Supplied material =>
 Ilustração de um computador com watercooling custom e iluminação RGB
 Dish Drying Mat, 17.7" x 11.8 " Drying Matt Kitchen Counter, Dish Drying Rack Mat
---
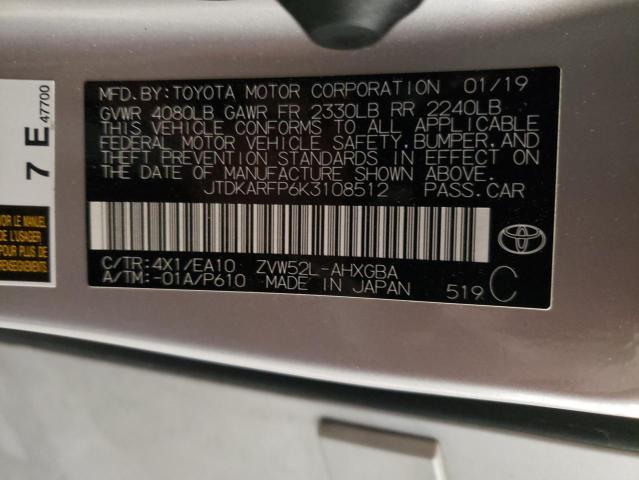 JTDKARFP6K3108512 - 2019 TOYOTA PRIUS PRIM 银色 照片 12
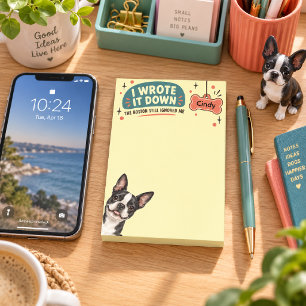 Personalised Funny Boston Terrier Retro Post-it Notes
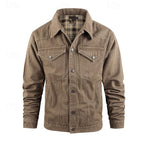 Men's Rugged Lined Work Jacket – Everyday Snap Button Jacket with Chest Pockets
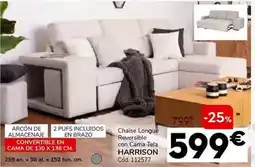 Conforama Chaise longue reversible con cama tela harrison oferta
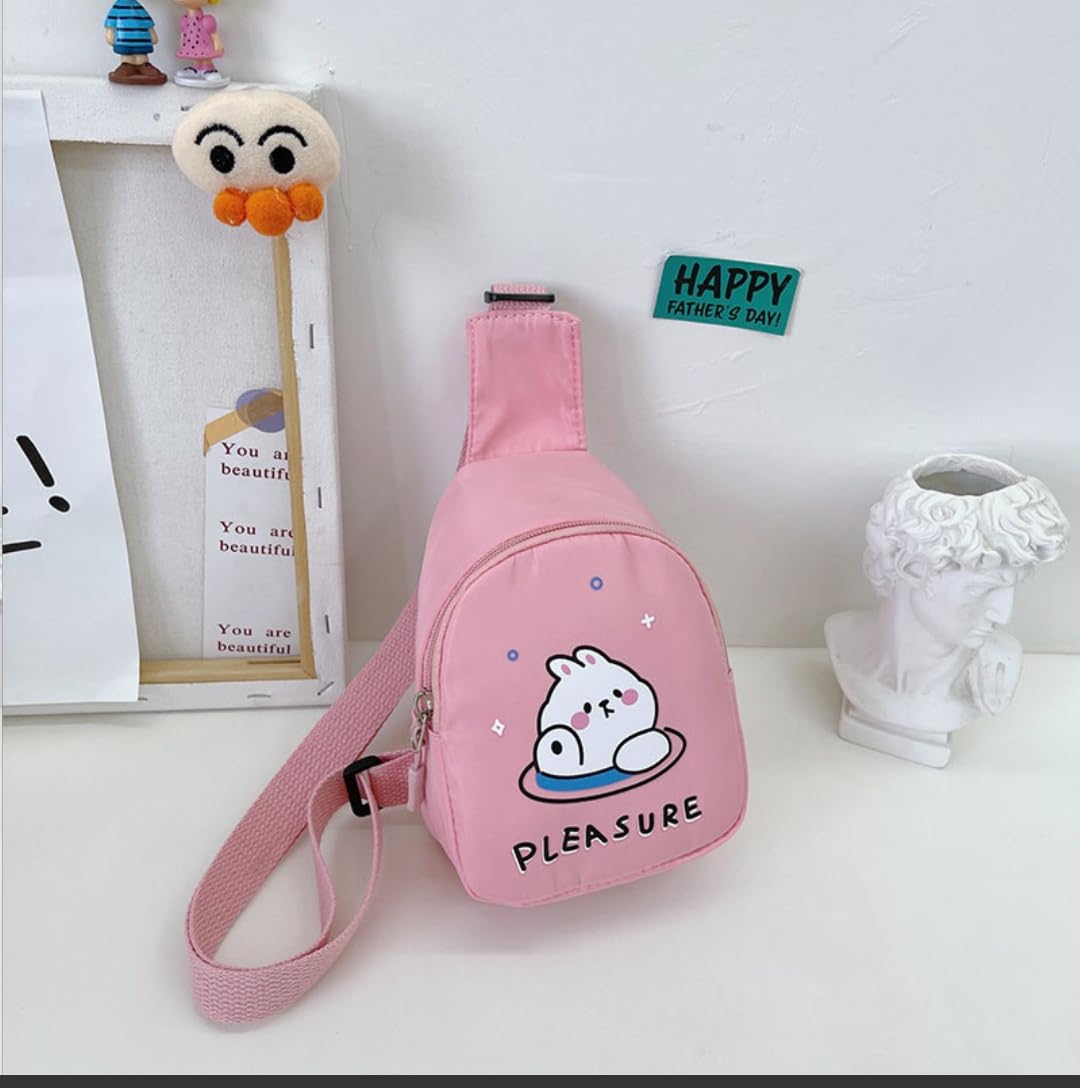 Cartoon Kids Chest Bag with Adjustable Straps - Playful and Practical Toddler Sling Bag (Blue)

What is expected => Exact copy, pictures excluded: every line above from the one containing "Men's Rugged Lined" to the one containing "Cartoon Kids Chest", inclusive, and nothing more.

Problem solution =>
 Men's Rugged Lined Work Jacket – Everyday Snap Button Jacket with Chest Pockets
 Conforama Chaise longue reversible con cama tela harrison oferta
 Cartoon Kids Chest Bag with Adjustable Straps - Playful and Practical Toddler Sling Bag (Blue)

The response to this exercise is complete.